Regenerating data is faster than loading, iterating and storing it. GPUs are similar, using a look up table can be slower than computing something from scratch in many cases.
This is by no means a dig at the explanation here, which is great, but every time he says maths to me he may as well be saying magic. No, I never learned my times tables.
Hah, that's weird. Although I'm not a game programmer and I don't know anything about the inside of a PS2, the way you solved the problem is the only way I would consider implementing it and I was wondering why. I have a background in parallel and distributed simulation do '3D games' seems quite similar. It sounds like this is what GPUs evolved into.

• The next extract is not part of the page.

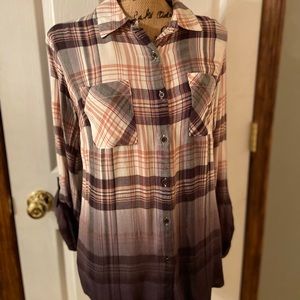 NWT blush/dark purple button-down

Need to find a device that is well documented and has compilers readily available. MVG did a video on how to program the GameBoy. Couldn't care less about the gameboy tho XD
I made something similar with Unity's DOTS and shader graph on my phone. Ships flying and shooting at the player. Doing all the transformation inside the shader and calculating the same math on the CPU, I could skip all the cpu's reading and writing of the ships & missiles positions. But than I got limited by the amount of triangles my phone could handle....
So if I understood this correctly, and it's possible I didn't, but the math is basically like a standard curve of a graph. The whole y = mx+b principle? If so then that is pretty clever. I don't know why that wouldn't be more common because that's the method I'd use if I had to solve that problem.
Of course, one drawback of this is that the particles cannot interact with the world, i.e. to do lighting etc. So all that stuff has to be thought through by the CPU in advance if the particles are expected to interact with the world. Kind of like how player models are rendered by the GPU but the hitboxes are handled by the CPU. (correct me if I am wrong of course)
Correct, no collision, and particles are unlit. This entire process only works by being a pure functional and deterministic vertex shader and there is no pixel shader... On a modern GPU this technique could still be applied in a vertex or geometry shader and get per pixel lighting in the pixel shader. Collision would still be an issue that would elude this technique.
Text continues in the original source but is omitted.